Novembre 1997 : lancement de Bisange, réseau de business angels suisses romands
Janvier 1998 : lancement du Guide suisse du financement en création d’entreprise
Mai 1998 : premier « défilé d’entrepreneurs », avec « Start d’un soir », l’ancêtre de PRÊT ? PARTEZ, PITCH !
Avril 1999 : lancement du Guide GENILEM, 74 organismes d’aide aux nouvelles entreprises sont présentés
Juin 1999 : lancement du Chéquier-créateur donnant droit à des réductions chez les avocats, fiduciaires, protection intellectuelle, etc.

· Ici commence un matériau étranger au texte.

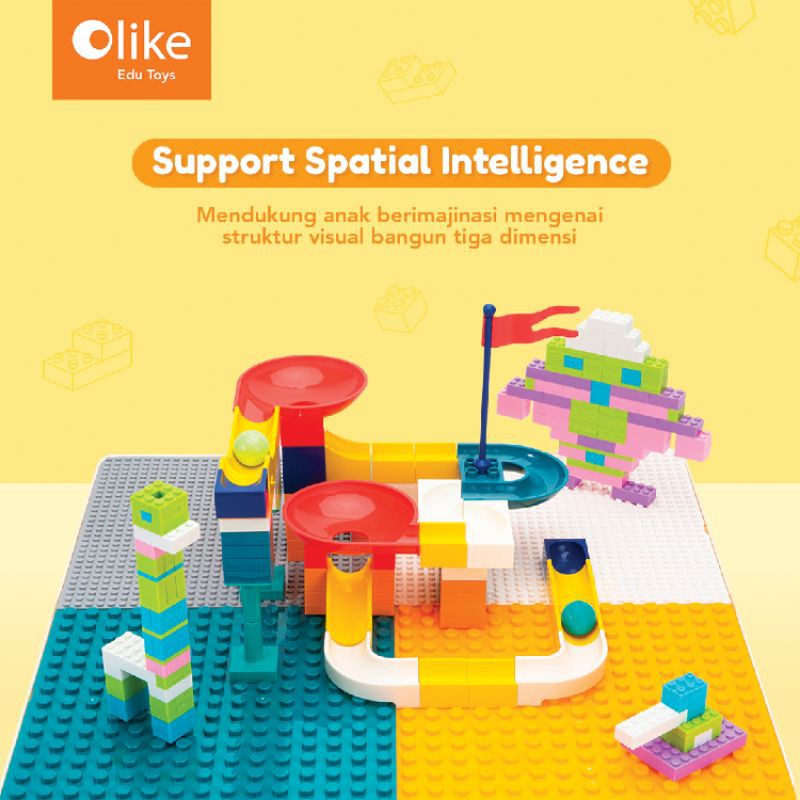 Olike Fun Brick Table / Garansi Resmi 6 Bulan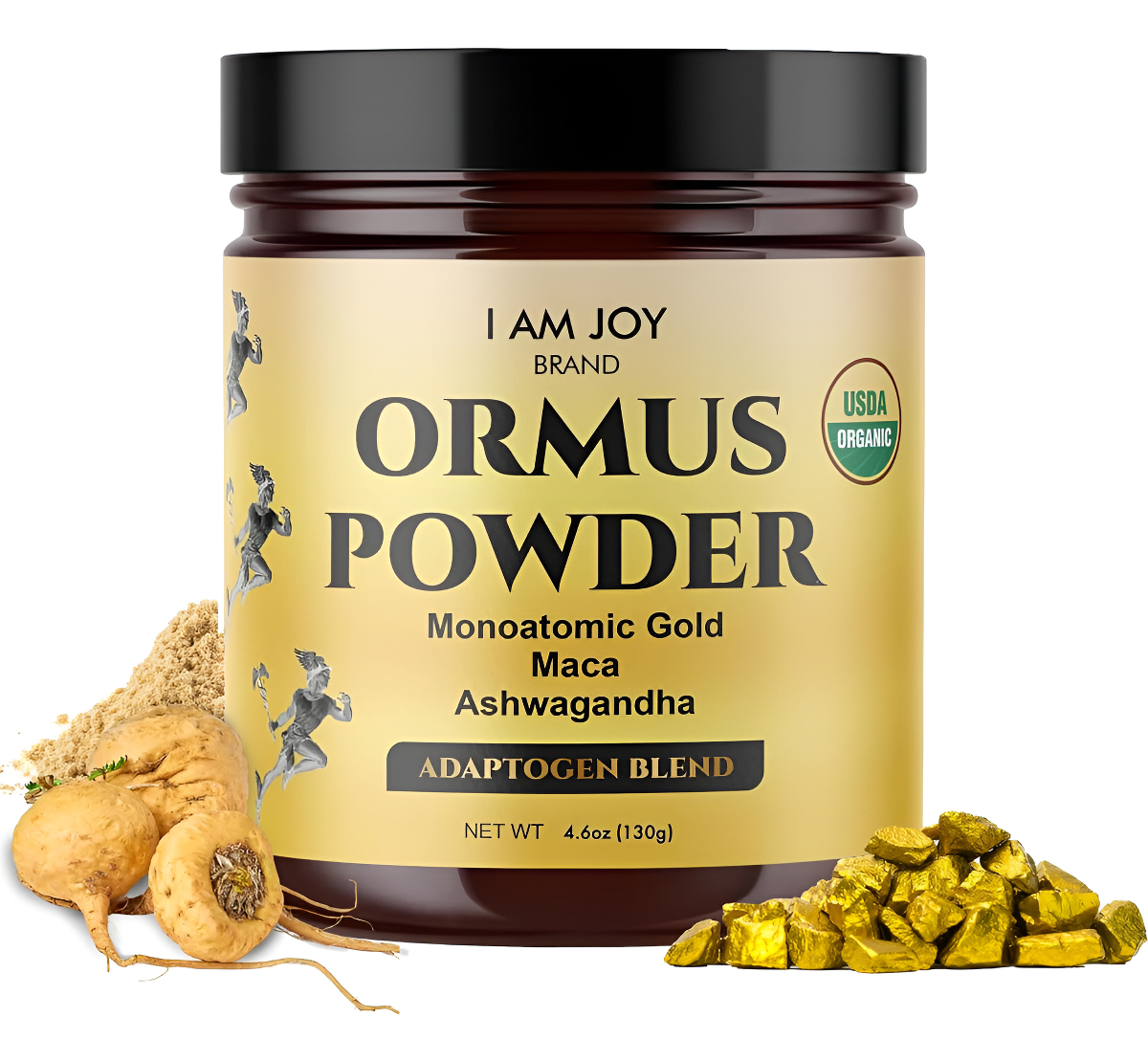 Ormus Powder | Oro Monoatómico 24k Blanco M-state | Adaptógeno Stack Maca Ashwagandha | Desintoxicación De La Glándula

2000 : nouvelle édition du Guide du financement
Que faudrait-il imaginer aujourd’hui, pour accompagner de jeunes entreprises ?

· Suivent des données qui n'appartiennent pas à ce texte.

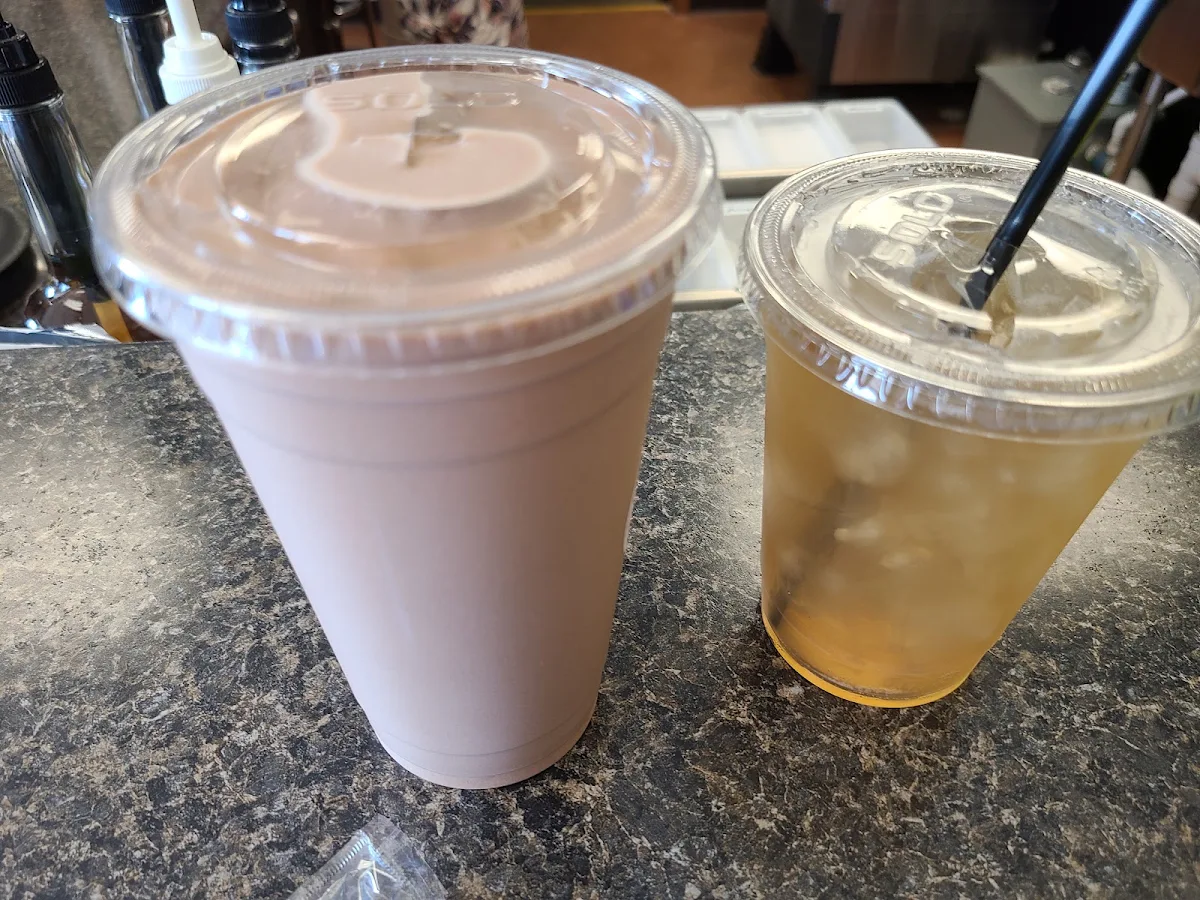 Brownie Batter Shake and Lemon Tea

ASA : Un réservoir financier, mi-public, mi-privé, accessible à des primo-entrepreneurs à échelle romande, voire suisse. Une obligation de coopération et de partage de savoir-faire entre les différentes structures d’aides aux entreprises, qui ne devraient en aucun cas se faire concurrence. Fédérer le soutien à la création d’entreprise et faciliter l’accès au financement est un choix politique. Les acteurs existent, il faut harmoniser la musique.
AL : La création de clubs d’investissements par canton ou par région. Certains cantons ont déjà connu des réunions d’entrepreneurs locaux pour financer des projets locaux. Neuchâtel notamment était extrêmement dynamique dans ce domaine, il existait une vraie solidarité locale. À ce sujet : nous avons même tenté de développer GENILEM au niveau suisse avec des antennes à Lucerne, Zurich… Mais le fait que l’initiative soit romande a été accueilli avec réserve du côté alémanique. Le fossé culturel a eu raison de ce projet.

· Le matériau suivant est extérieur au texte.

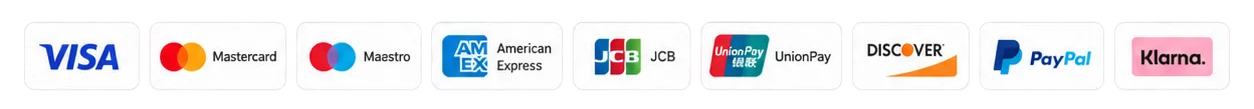 Accepted payment methods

ASA : Nous sommes dans un monde où absolument tout est financiarisé. Or la plupart des entrepreneurs qui se lancent ne sont pas des financiers. Les agresser avec des exigences de rendement immédiat ne sert à rien. C’est là qu’intervient l’accompagnant (ou le coach), dans une démarche d’encouragement, de formalisation du parcours vers un succès commercial, puis de chiffrage des coûts de la croissance et du potentiel futur. Grâce à cet appui, le financement du démarrage peut être au rendez-vous et les chances de réussite augmentées.
AL : La création d’entreprise reste quelque chose qui demande une décharge d’énergie monstrueuse. Comme l’a demandé GENILEM ! Voilà pourquoi le soutien à l’entrepreneuriat doit être pensé à minima à échelle régionale, surtout à une époque où le marché est devenu mondial.